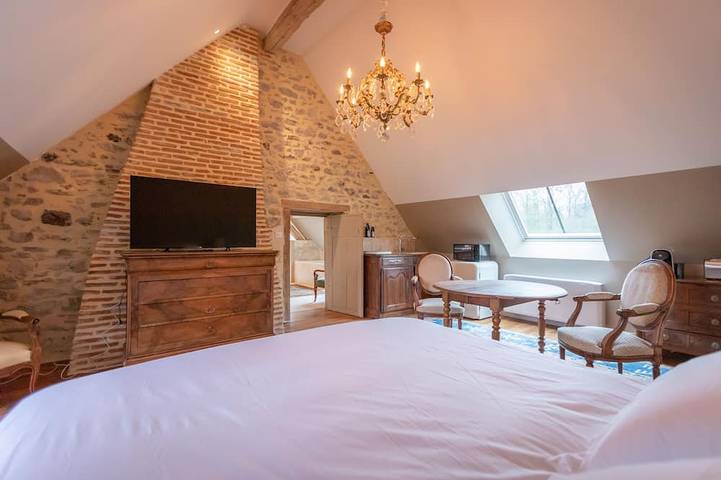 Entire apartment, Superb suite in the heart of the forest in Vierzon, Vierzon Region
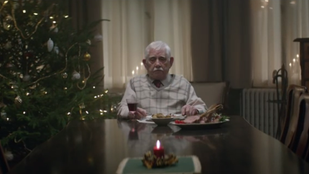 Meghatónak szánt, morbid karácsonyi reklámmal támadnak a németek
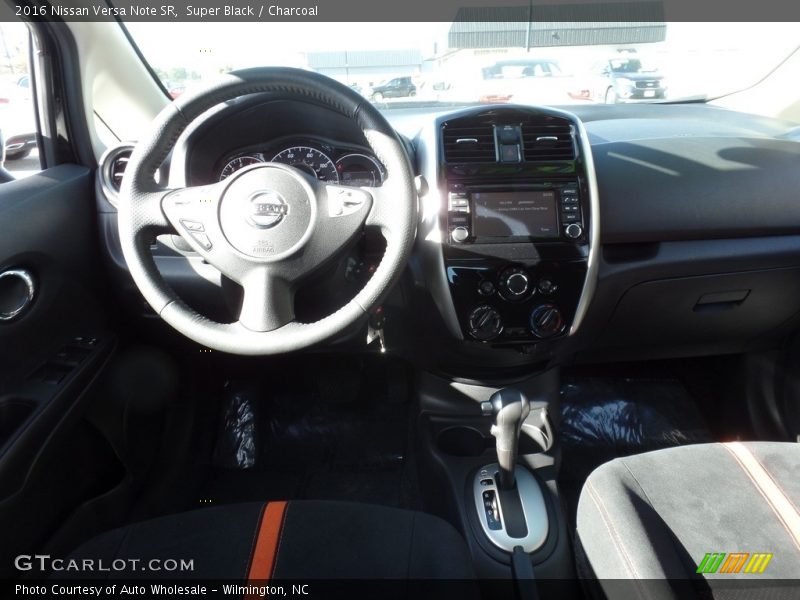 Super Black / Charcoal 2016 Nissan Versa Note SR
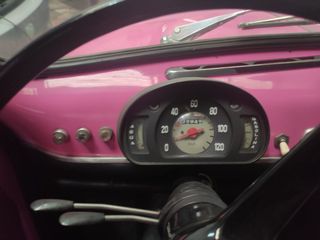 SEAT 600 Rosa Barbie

--

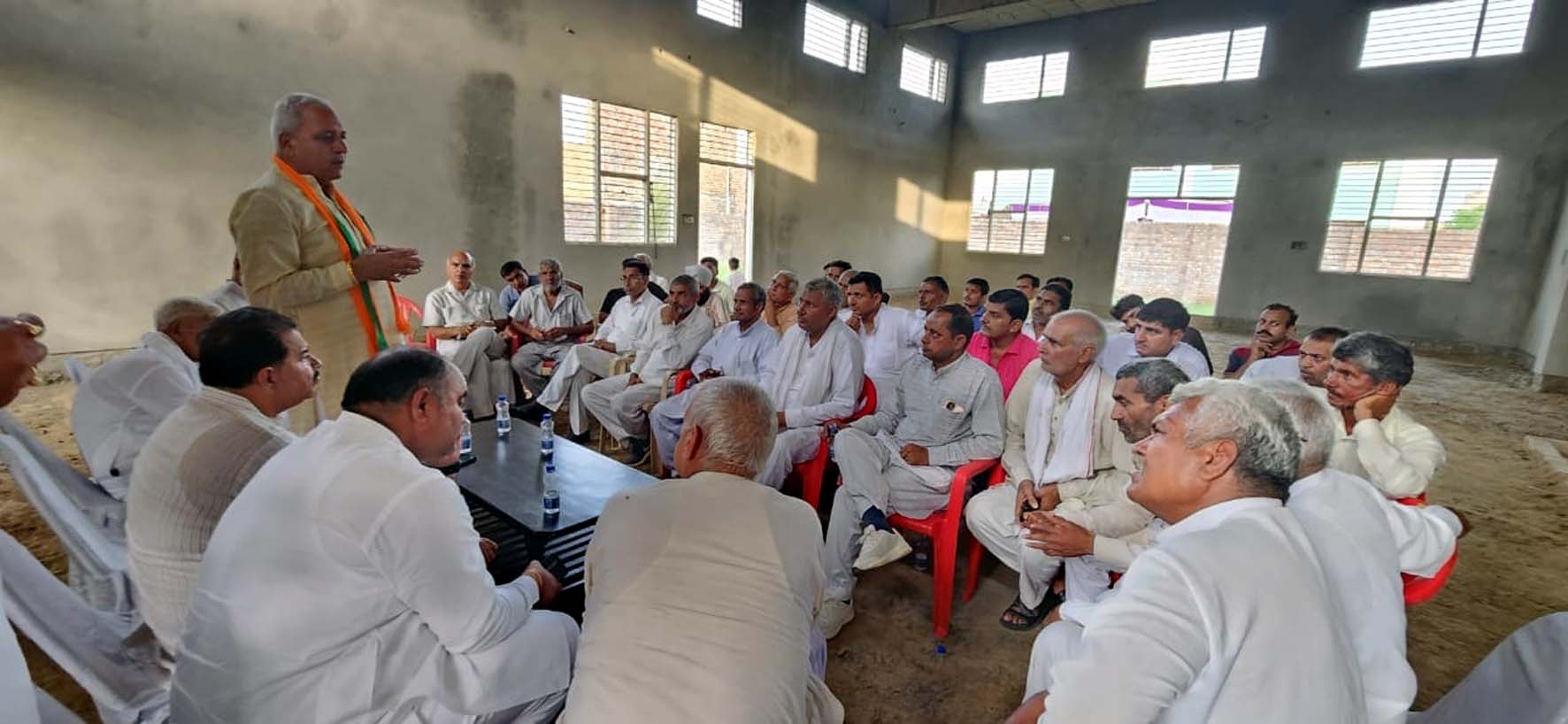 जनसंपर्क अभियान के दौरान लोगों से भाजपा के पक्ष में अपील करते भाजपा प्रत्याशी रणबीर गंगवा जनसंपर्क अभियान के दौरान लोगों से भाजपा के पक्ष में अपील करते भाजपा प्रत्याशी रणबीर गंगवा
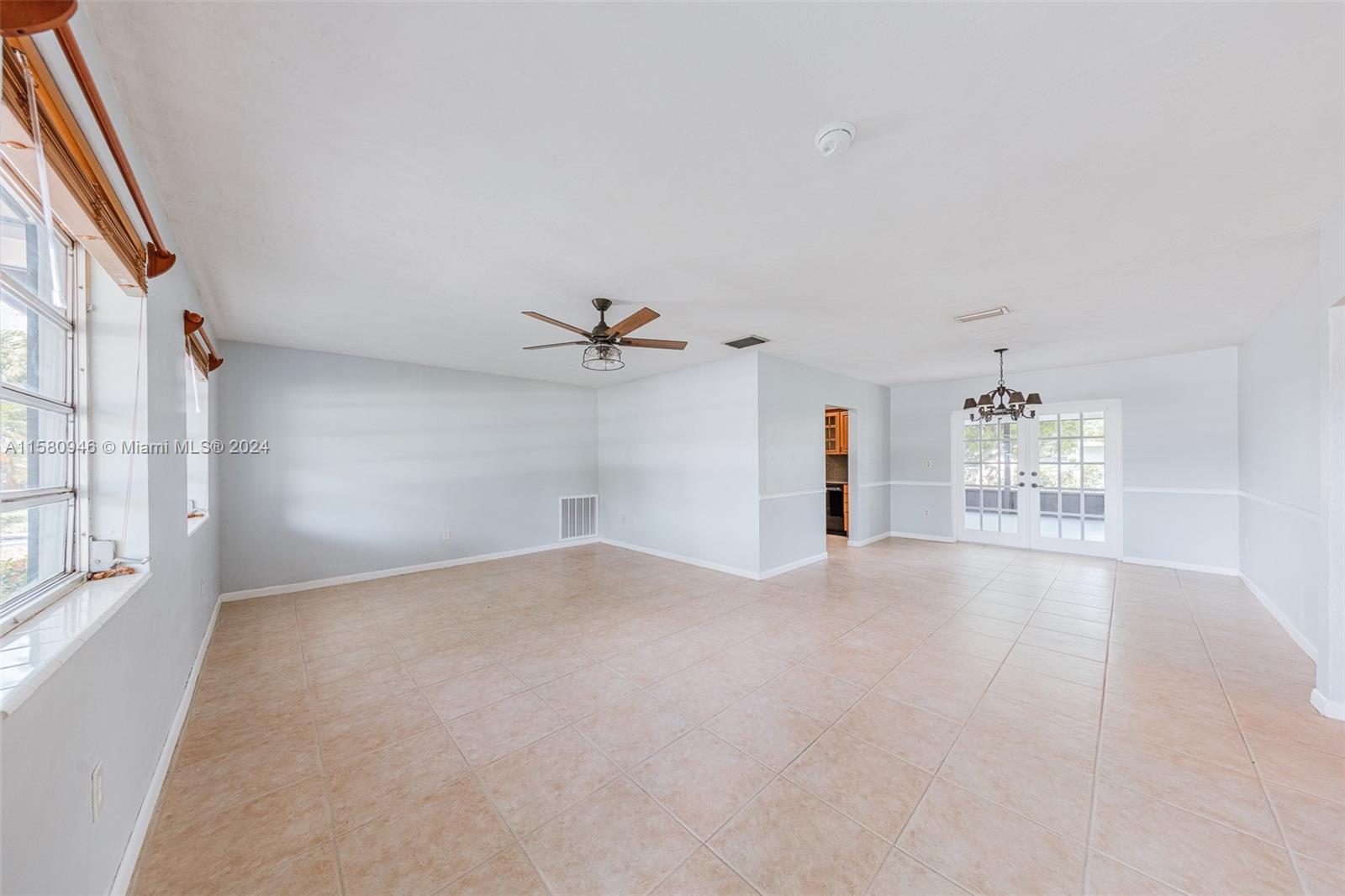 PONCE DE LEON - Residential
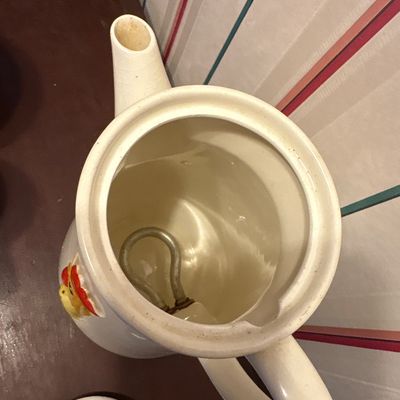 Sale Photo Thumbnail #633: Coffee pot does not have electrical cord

WORK REQUEST
Every line from the one with "PONCE DE LEON - Residential" through the one with "Sale Photo Thumbnail" is to be reproduced exactly as written above, and the pictures are to be dropped.

YOUR SOLUTION
 PONCE DE LEON - Residential
 Sale Photo Thumbnail #633: Coffee pot does not have electrical cord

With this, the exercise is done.